On Friday a dozen Republican senators treated the trial with the scorn and condemnation that it deserved as they walked out of the hearings as lead House impeachment manager Rep. Jamie Raskin argued that years of rallies for the former president led to the riot that happened in Washington D.C. on January 6, Breitbart News reported.
“Inside the Senate chamber: Trump’s 2016 rivals Rubio, Cruz, and Graham watched intently as video documented Trump’s 2015-2020 remarks making light of or justifying political violence. Graham, Rubio, and Cruz then left and didn’t watch Lieu’s presentation from the floor,” National Review reporter John McCormack said on Twitter.

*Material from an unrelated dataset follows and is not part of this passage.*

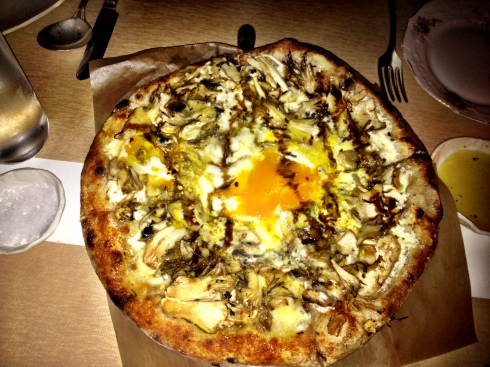 Mushroom and farm egg  pizza at ABC Kitchen in Union Square, Manhattan.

“At least a dozen Senate Republicans skipped at least part of Lieu’s presentation. Lieu warned of history repeating itself: ‘I’m afraid [Trump is] going to run again and lose,’” he said.

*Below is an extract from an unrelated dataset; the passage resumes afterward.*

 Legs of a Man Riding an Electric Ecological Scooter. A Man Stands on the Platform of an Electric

Raskin tried to claim that Trump’s speech on January 6 incited the Capitol riot because he had spent years encouraging supporters to commit acts of violence, or condoning past acts of violence, often using specific coded language to do so.
Specifically, Raskin claimed Trump had incited violence against public officials in the past. He tried, for example, to link Trump to the plot uncovered (by the Trump administration) to kidnap Michigan Gov. Gretchen Whitmer last fall, though one of the alleged plotters was a Black Lives Matter supporter, and another plotter had an anarchist flag and hated police.
Raskin also claimed, falsely, that Trump had praised neo-Nazis who rioted in Charlottesville, Virginia, in 2017 — a familiar lie known as the “very fine people” hoax.
In fact, Trump said the neo-Nazis should be “condemned totally.”
The argument by the lead House impeachment manager made some Republicans furious.
“Democratic impeachment managers veered off course at end. Had impressed Wednesday portraying how ugly, violent Capitol riot was. Fell short arguing that Trump was responsible. ‘Wednesday was more about inflaming emotions, not proving Trump directed,’ said one senator,” Washington Examiner reporter Byron York said on Twitter.
“On Thursday, managers moved into political realm and probably lost support. Attempted to link Capitol riot to 2016 Trump campaign rallies and controversies during Trump presidency. Raskin called it ‘Donald Trump’s continuing pattern and practice of inciting violence,’” he said.
“That turned off Republicans. They lived through those events and do not subscribe to Democratic/media characterization of them. So managers probably took a step backward on Thursday,” he reported.
“Trump defenders will point to personal agency of rioters. Yes, some facing charges say they acted only because Trump told them to. But Trump team will point to vast majority of people who attended Ellipse rally and did not go on to storm the Capitol,” York said.
“Those people heard the same message from Trump on Jan 6, and heard same speeches, read same tweets in weeks leading up to that, and yet did not ransack Capitol. Perhaps key to understanding the violence is to focus on the listener, not the speaker,” he said.